In den – formal wie inhaltlich – sehr verschiedenen Filmen der neuen Generation türkisch-deutscher Regisseure, die zuletzt in die Kinos kamen, sind Hochzeiten das einzig Verbindende. Drei Beispiele, drei Perspektiven: In Thomas Arslans „Geschwister“ liefert eine Hochzeit den Hintergrund, vor dem sich die Entfremdung des Protagonisten von seinen Freunden offenbart. In Fatih Akins Kiezgangsterballade „Kurz und Schmerzlos“ bildet eine Hochzeit, bei der sich drei Freunde nach langer Trennung wiedertreffen, den Ausgangspunkt der Geschichte. Und in Yüksel Yavuz' „Aprilkinder“ ist eine Hochzeit die – vorläufige? – Endstation. Unvermeidbar scheint die verabredete Heirat mit der Cousine aus dem kurdischen Heimatdorf, in die sich der schüchterne Cem (Erdal Yildiz) am Ende fügt. Dabei hat er längst eine Liebesbeziehung mit der Prostituierten Kim (Inga Busch), die im Nachtlokal seines Onkels arbeitet. Es wirkt, als bestehe Cems Welt außerhalb der elterlichen Wohnung nur aus einer Kühlhalle mit hängenden Schweinehälften (ausgerechnet!), in der er malocht, und eben diesem Puff. Das Bordell, in dem die Geliebte arbeitet, bildet eine märchenhaft surreale Gegenwelt zum Alltag der Protagonisten: Cems Onkel Pala, dem der Laden gehört, verwandelt sich hier in einen androgynen, orientalischen Schlagersänger, und auch manch anderes Doppelleben offenbart sich beiläufig.
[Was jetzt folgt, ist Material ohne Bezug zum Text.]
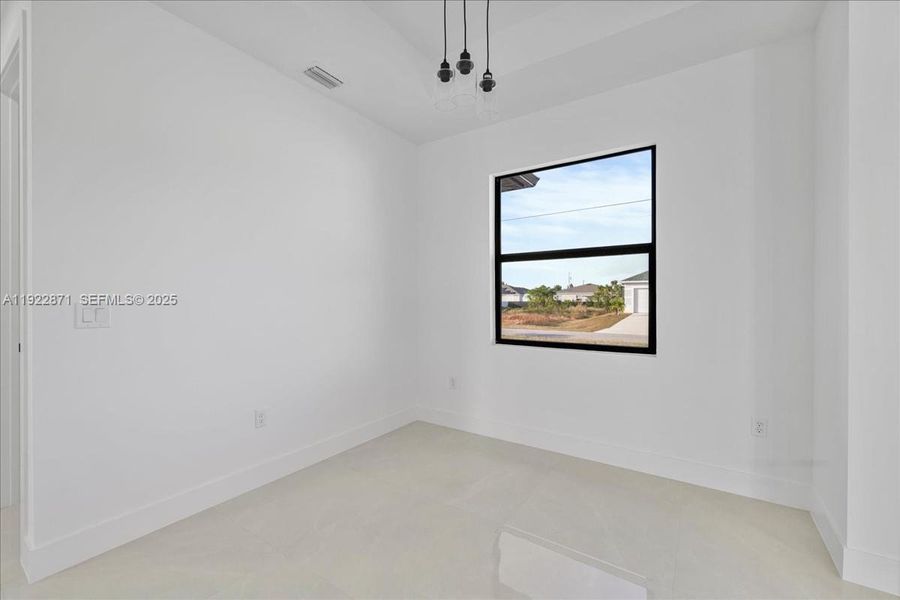 Spacious, unfurnished interior of a new home in , Lehigh Acres (Image 25).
Zu Hause herrscht Schweigen. Mehmet, der jüngere Bruder, hat für Cem nur Verachtung übrig, er versucht sich als Kleinhehler. Dilan, die kleine Schwester, steckt im Pubertätsstreß, hört laut türkische Popmusik (Tarkan natürlich) und kapselt sich ab. Der Vater macht sich nur noch durch Husten bemerkbar, er hat sich ins innere Exil verabschiedet, während die Mutter das Ganze noch irgendwie zusammenzuhalten versucht. Die Kluft zwischen den Generationen äußert sich auch in der Sprache: Die Eltern sprechen Kurdisch, mit den Kindern Türkisch, die sich wiederum untereinander auf deutsch anblöken.
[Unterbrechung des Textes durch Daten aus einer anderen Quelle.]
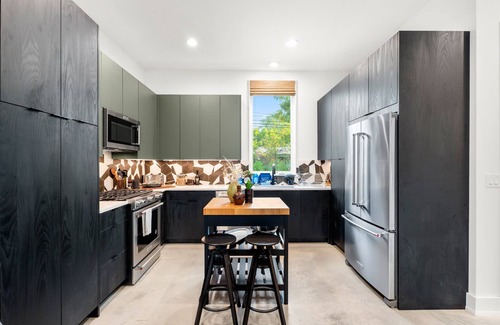 South Manchaca House | Discover Jester's Court: Family-Friendly & Pet Welcoming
Was „Aprilkinder“ davor bewahrt, lediglich pittoreske Türken- Tristesse abzubilden, ist Yüksel Yavuz' lakonischer Humor und sein Blick für Details. Von gelungener Komik sind Dilans Avancen, mit denen sie Arif, den Freund ihres Bruders, so überrumpelt, daß dieser beim ersten Kuß Nasenbluten bekommt, oder Mehmets Wutausbruch am Küchentisch. „Du hast ja keinen Check, ey“, faucht er seinen konsternierten Bruder an. Genußvoll überzogen gerät Hasan Ali Mete die Figur des Onkels Pala als paschahafter Zuhälter, der seine musikalischen Ambitionen als Zeki-Müren-Double auslebt. Leider führt Yüksel Yavuz die Fäden, die er so schön spinnt, am Ende nicht zusammen, sondern läßt sie ins Leere laufen. Weil er keinen erzählerischen Spannungsbogen aufbaut, bleiben am Ende nur einzelne Szenen im Gedächtnis. Und das Gefühl: Das Leben ist ein langer, ruhiger Frust.

Klaustrophobisch der Kamerablick, als das Brautpaar in den Hochzeitssaal einzieht, in den Kreis der bekannten Gesichter, jedes inzwischen mit einer eigenen Geschichte. Der Schleier hebt sich, Cem küßt seine bebende Braut, und alle Fragen bleiben offen. „Aprilkinder“ bekam beim kürzlich zu Ende gegangenen Max- Ophüls-Festival den Zuschauerpreis zugesprochen. In die Kinos wird er aber wahrscheinlich wieder einmal nur die üblichen Verdächtigen locken.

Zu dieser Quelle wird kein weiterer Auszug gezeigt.